Keras LSTM with 1D time series

10

9

I'm learning how to use Keras and I've had reasonable success with my labelled dataset using the examples on Chollet's Deep Learning for Python. The data set is ~1000 Time Series with length 3125 with 3 potential classes.

I'd like to go beyond the basic Dense layers which give me about 70% prediction rate and the book goes on to discuss LSTM and RNN layers.

All the examples seem to use datasets with multiple features for each timeseries and I'm struggling to work out how to implement my data as a result.

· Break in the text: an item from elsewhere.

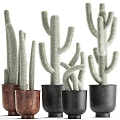 Potted Cactus Plants With Various Sizes Shapes In Brown Black Pots For Indoor Decor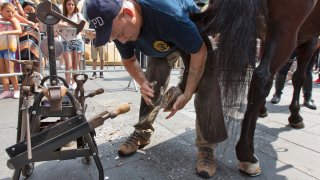 Police Horseshoe Fixers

If for example, I have 1000x3125 Time Series, how do I feed that into something like the SimpleRNN or LSTM layer? Am I missing some fundamental knowledge of what these layers do?

Current code:

import pandas as pd
import numpy as np
import os
from keras.models import Sequential
from keras.layers import Dense
from keras.layers import LSTM, Dropout, SimpleRNN, Embedding, Reshape
from keras.utils import to_categorical
from keras import regularizers
from sklearn.model_selection import train_test_split
import matplotlib.pyplot as plt

def readData():
    # Get labels from the labels.txt file
    labels = pd.read_csv('labels.txt', header = None)
    labels = labels.values
    labels = labels-1
    print('One Hot Encoding Data...')
    labels = to_categorical(labels)

    data = pd.read_csv('ts.txt', header = None)

    return data, labels

print('Reading data...')
data, labels = readData()

print('Splitting Data')
data_train, data_test, labels_train, labels_test = train_test_split(data, labels)

print('Building Model...')
#Create model
model = Sequential()
## LSTM / RNN goes here ##
model.add(Dense(3, activation='softmax'))

model.compile(loss='categorical_crossentropy', optimizer='adam', metrics=['accuracy'])
 
print('Training NN...')
history = model.fit(data_train, labels_train, epochs=1000, batch_size=50,
    validation_split=0.25,verbose=2)

results = model.evaluate(data_test, labels_test)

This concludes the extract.